This review addresses modeling of subsurface hydrological systems in which contaminants are transported in more than one fluid phase. The primary focus is on problems involving nonaqueous-phase liquids (NAPLs), a dynamic gas phase, or both, so that the unsaturated and saturated zones are both discussed. Basic research in simpler settings is included if it develops concepts that could be applied in modeling of such problems.
Recent developments in practical models are reviewed, along with experimental work and theoretical issues related to the formulation of mathematical models. It will be seen that the extent of validity of the local equilibrium assumption (LEA) for component partitioning among phases is a major question influencing the direction of these formulations. Also emphasized are upscaling to macroscopic and grid lengths, and the choice and coupling of primary variables in multicomponent systems. Relations to and possible use of developments in petroleum reservoir simulation are discussed.

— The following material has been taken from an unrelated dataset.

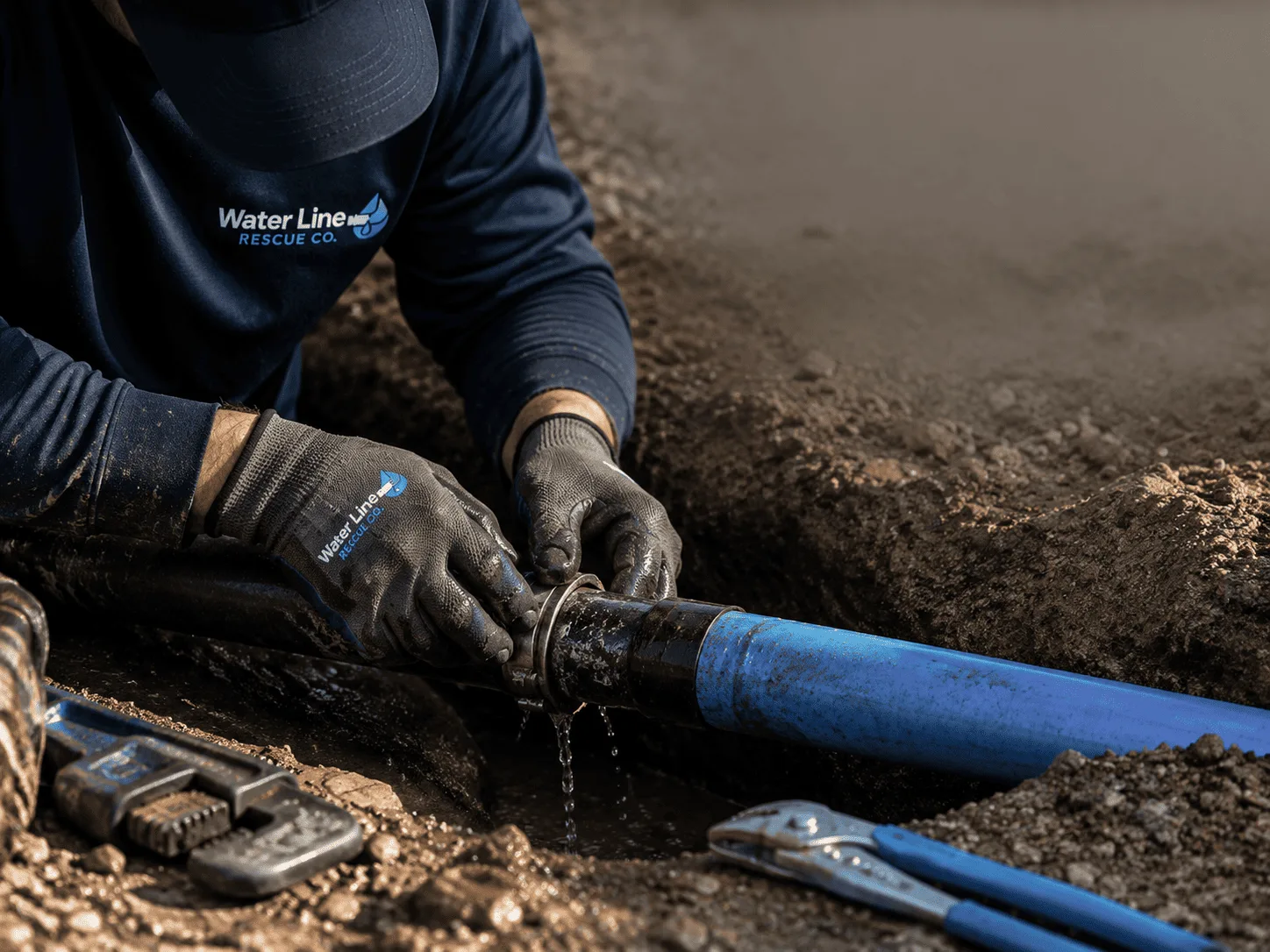 Why choose Water Line Repair in Rowlett, TX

The significance of the type of modeling reviewed here is growing, as the last several years have seen increased awareness of the complexity and difficulty of groundwater contamination problems that involve multiphase flow. For example, emplacement of NAPLs, such as gasoline or trichloroethylene, in the subsurface typically entails downward migration through the vadose zone, leaving some (or all) NAPL mass trapped behind by capillary forces in globules of widely varying shape and size. Depending on the NAPL density and other factors, the remaining mass will float at the water table or continue down into the saturated zone. Some contamination can occur via transport of the NAPL phase itself, but even when this phase reaches immobile residual saturation, its components can dissolve in groundwater in concentrations well above environmental thresholds. These components can then be transported in the water phase to contaminate water far from the NAPL source. Many such components, known as volatile organic compounds (VOCs), will also vaporize into the air phase in the unsaturated zone and can then be transported in that phase.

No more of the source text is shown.